# Fourier transform of a normalized vector

I was expecting that when I take (for example, in MATLAB), s2 = fft(s1/norm(s1)), the norm of s2 is not equal one, norm(s2) $\neq$ 1.

I cannot figure out why this is! Can anyone shed light on this?

Depends on the scaling of the FFT pair for the conventional case (no scaling for the forward FFT and 1/N for the inverse FFT), the frequency domain norm will be higher by sqrt(N) where N is the FFT length.

The alternative would to to use 1/sqrt(N) for both forward and inverse FFT in which case the norm would be preserved. Both versions can be found in practice.

There are different conventions in scaling of the FFT, in MATLAB you need to scale it by $\sqrt{N}$, where $N$ is your number of samples.
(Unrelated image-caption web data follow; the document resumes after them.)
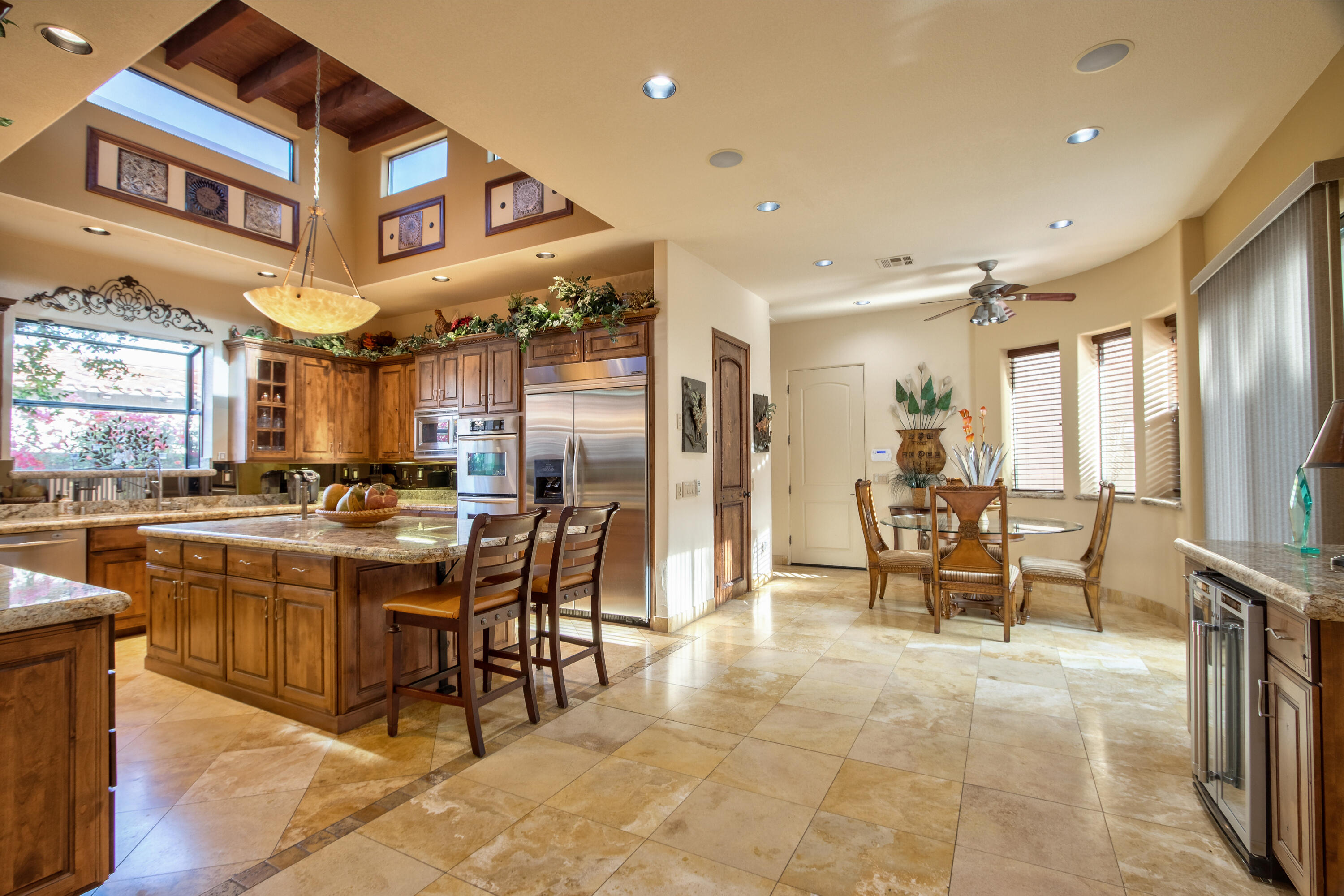 La Quinta, California, 92253, United States, 4 Bedrooms Bedrooms, ,4 BathroomsBathrooms,Residential,For Sale,1940947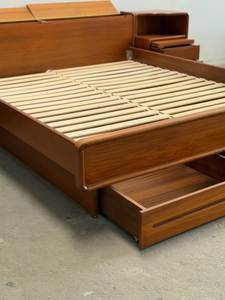 Base de Cama de Plataforma de Madera Maciza de Teca con Mesitas de Noche y Cajones de Almacenamiento, Muebles de Dormitorio Modernos de Mediados de Siglo - Product Image 5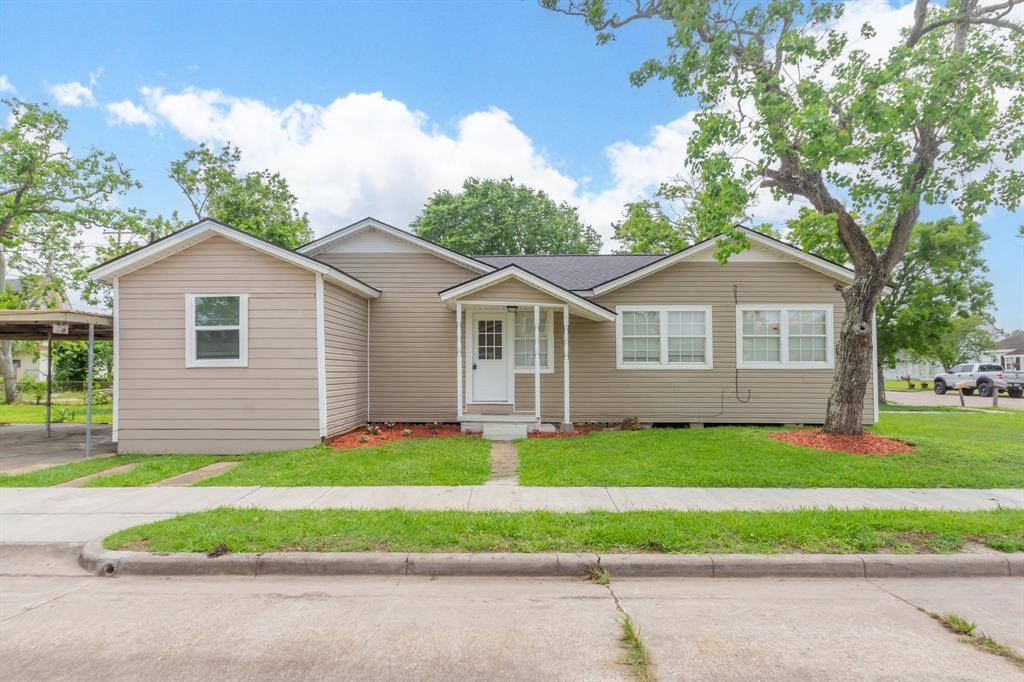 Freeport, TX 77541,930 W 6th ST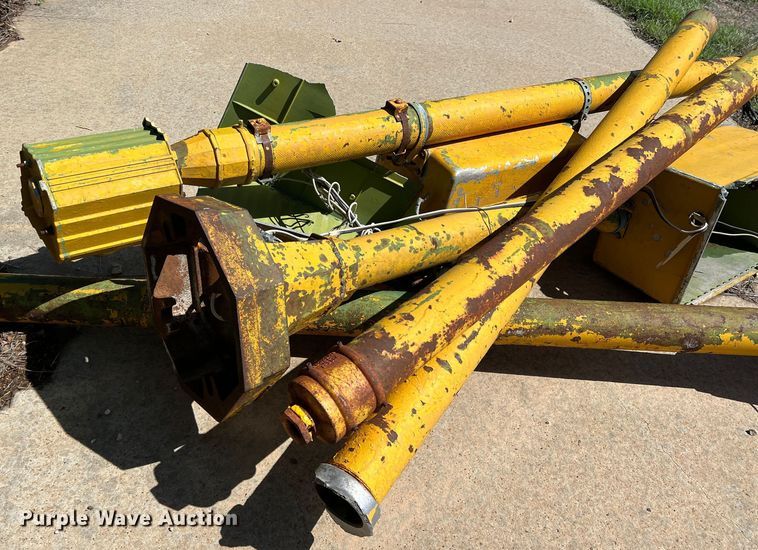 image for item LB9298 Approximately 5 stop lights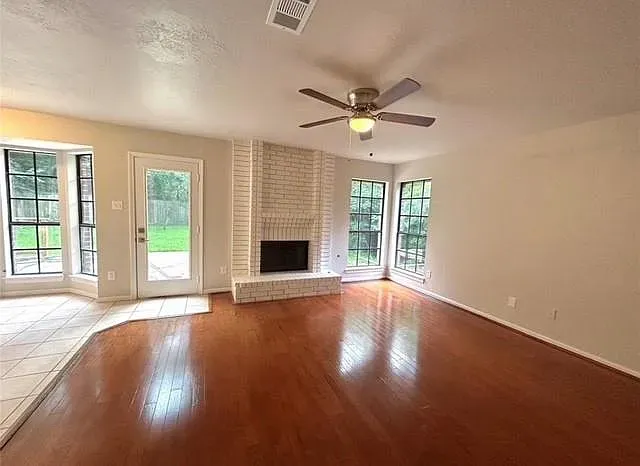 $2,300 | 63 South Stony Bridge Circle, The Woodlands, TX 77381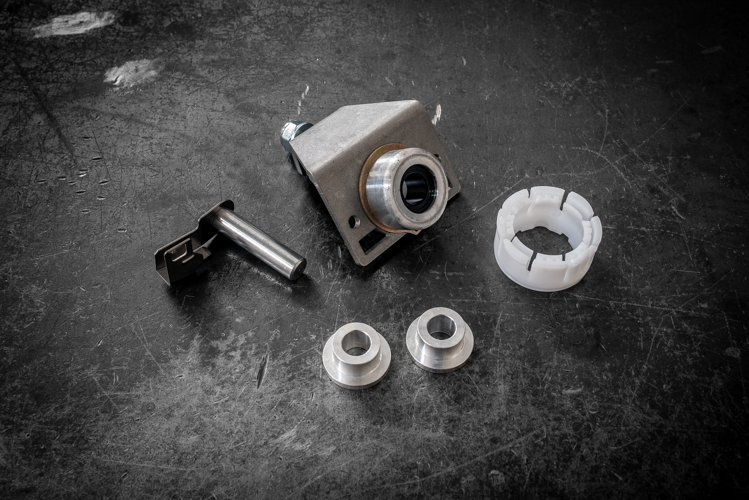 E30 Delrin Round Shifter Bushing Kit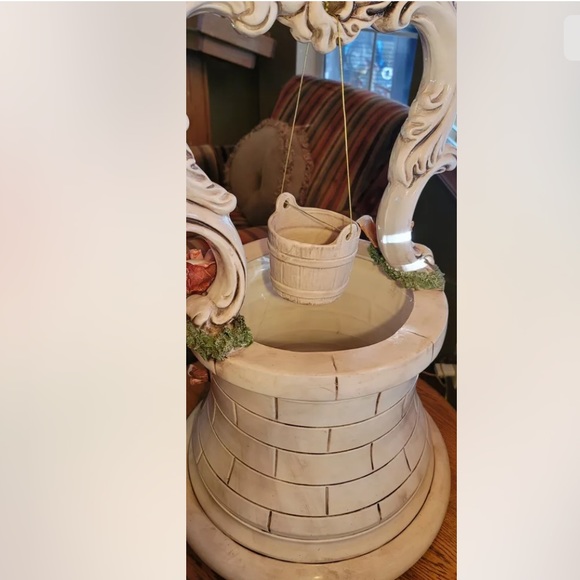 GORGEOUS & RARE EX LARGE VINTAGE  CAPODIMONTE WISHING WELL 27" X 17" - Picture 8 of 12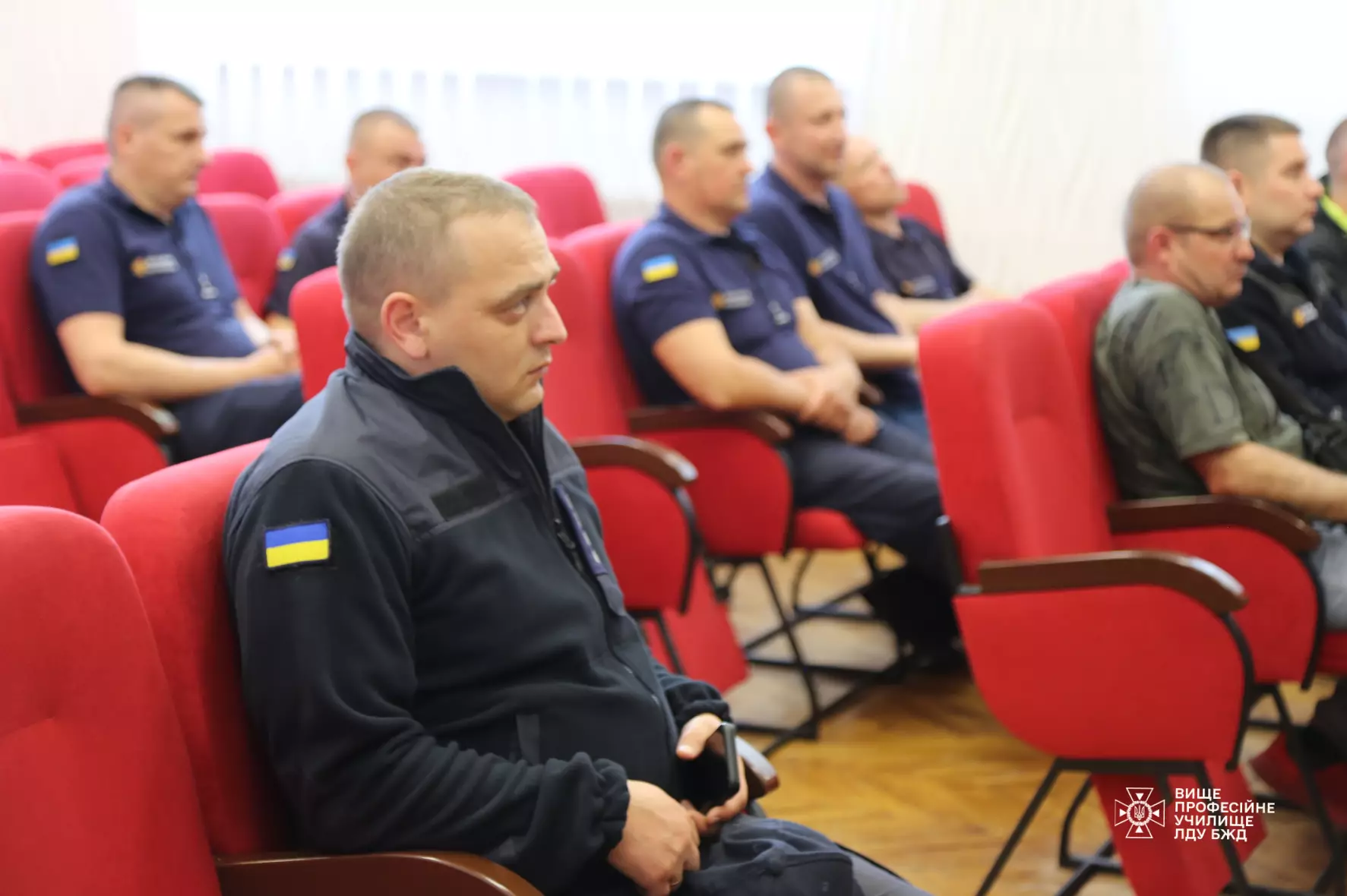 Водії слухають лекцію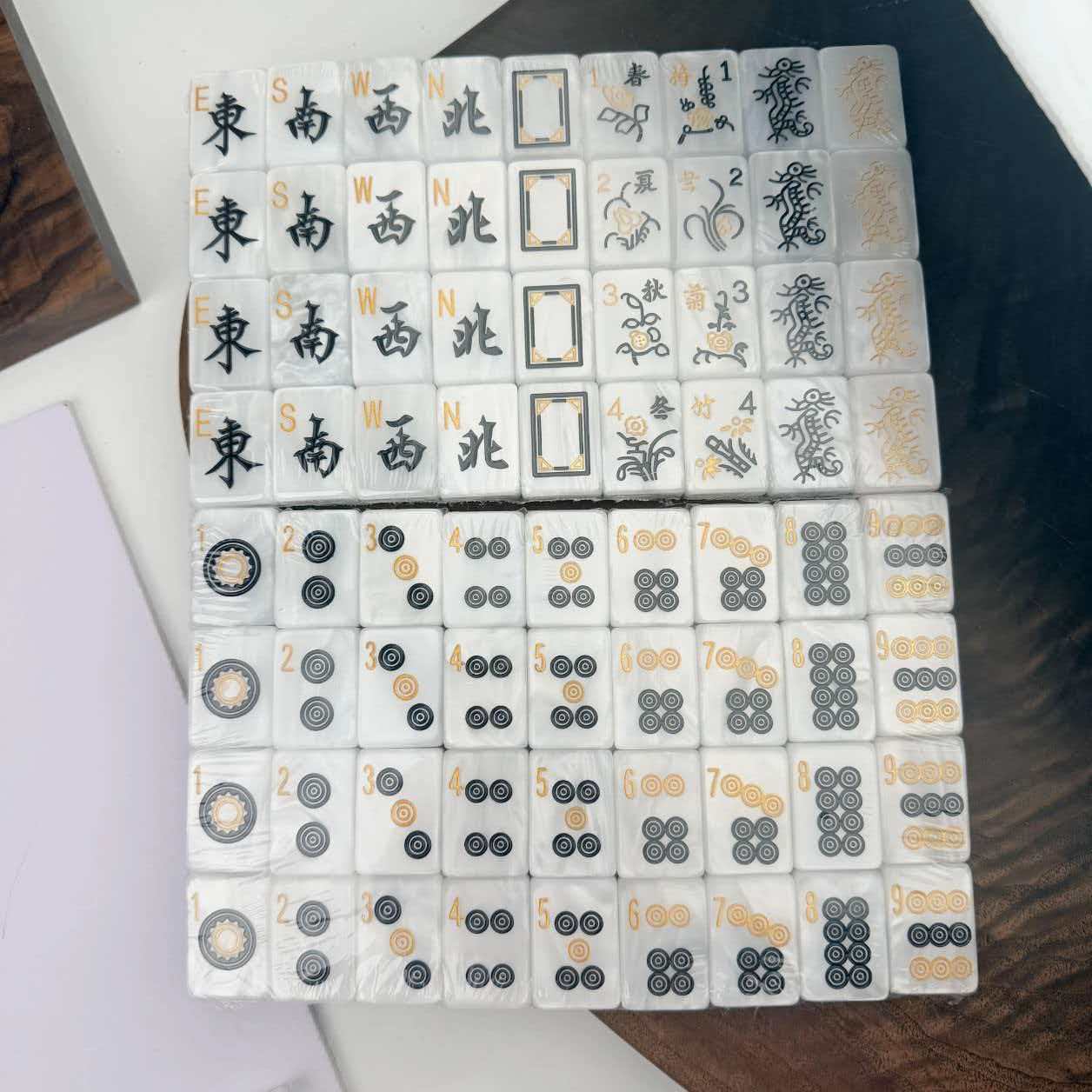 ชุดไพ่นกกระจอกอเมริกันสีดำทองล - Board Game Mahjong บทวิจารณ์และราคา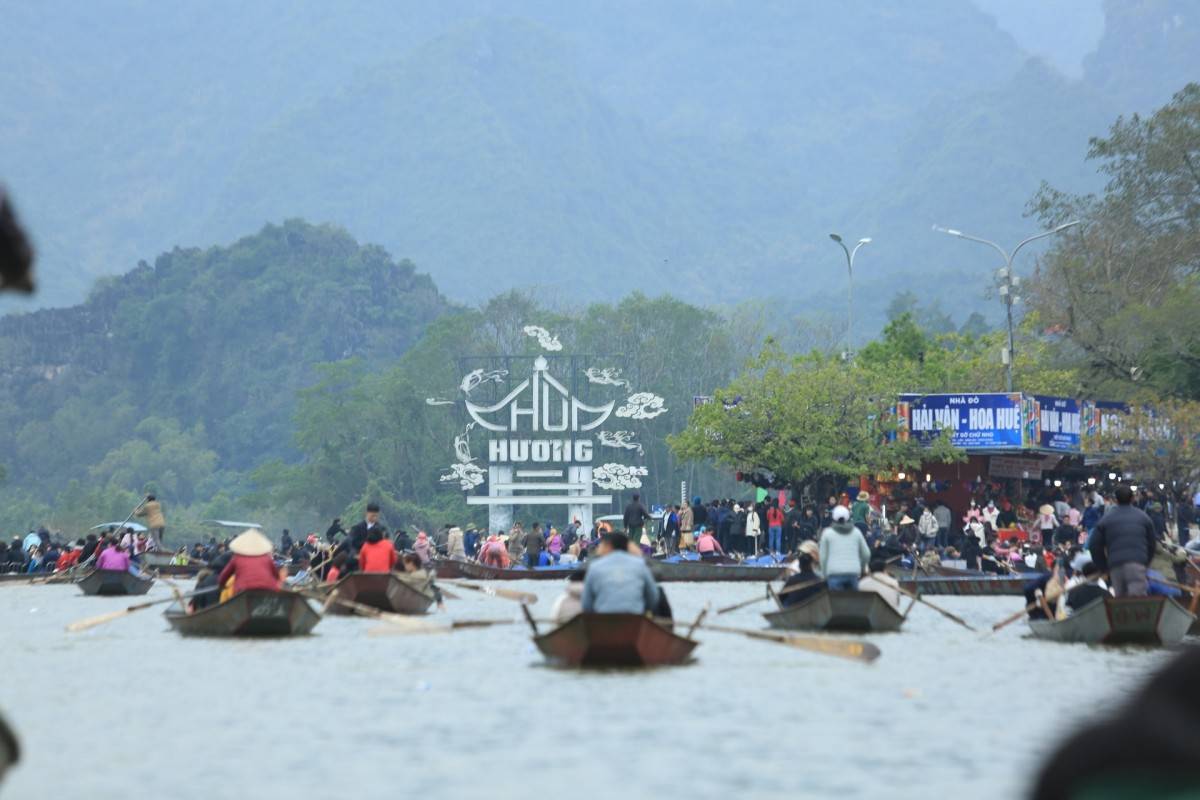 Hà Nội nghiên cứu thí điểm xuồng điện và xích lô điện phục vụ du lịch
Saying it in matlabish:

clc, clear all
%% Create some sinusoidal signal with noise
t = linspace(0, 6*pi, 1000)+randn(1,1000);
s1 = sin(2*pi*t);
% Calculate the norm of s1
s1_norm = norm(s1);
display(sprintf('L2 norm of s1: %.2f', s1_norm))
%% Create signal s2 as the FFT of normalised s1
% Scale FFT by sqrt(N) - this is convention used in MATLAB
s2 = fft(s1)/sqrt(length(t));
% Calculate the norm of s2
s2_norm = norm(s2);
display(sprintf('L2 norm of s2: %.2f', s2_norm))